Thank God for Carnival

Thank God for Carnival

Carnival has been viewed traditionally as that religious event which precedes Ash Wednesday and the Lenten season. Lent has largely lost its religious significance for many, but Carnival continues to perform many social functions, some of which are not immediately obvious. It is the time of the year when the nation exhales, when many people, especially women, take a break from stress-inducing activities. For many, it is a season when people feel good about themselves, and about the country itself. It is also a time when the cultural artistry of our citizens flowers and is most on display, and when many of us are proudest of our nation.

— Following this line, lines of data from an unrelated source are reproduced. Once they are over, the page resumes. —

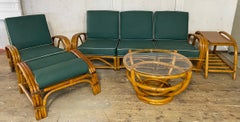 6 Piece Art Deco Bentwood Bamboo Wicker Seating Ensemble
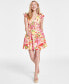 Фото #2 товара Petite Printed Flutter-Sleeve Fit & Flare Dress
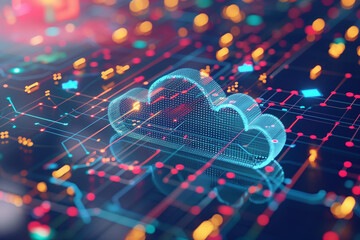 Cloud computing transfer big data on internet. futuristic digital technology .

I say all this knowing that there are many citizens who are allergic to and apoplectic about Carnival, especially the two-day procession of bands, and seek refuge by going abroad or to the beach. We even have those who, like the lady from Cascade, argued that those who took part in the recent march against crime should have boycotted Carnival to make “the ultimate statement that the country’s security system was inadequate to protect citizens and visitors at this time.” Clearly, such an initiative would have had unintended consequences that might be socially expensive. We should however note that many who avoid the streets on the two days of Carnival still take part in some aspects of the pre-Carnival activity, either directly or vicariously through media offerings. In more ways than one, Carnival is the quintessential national festival, and this holds across age cohorts, gender and ethnicity, though in various proportions.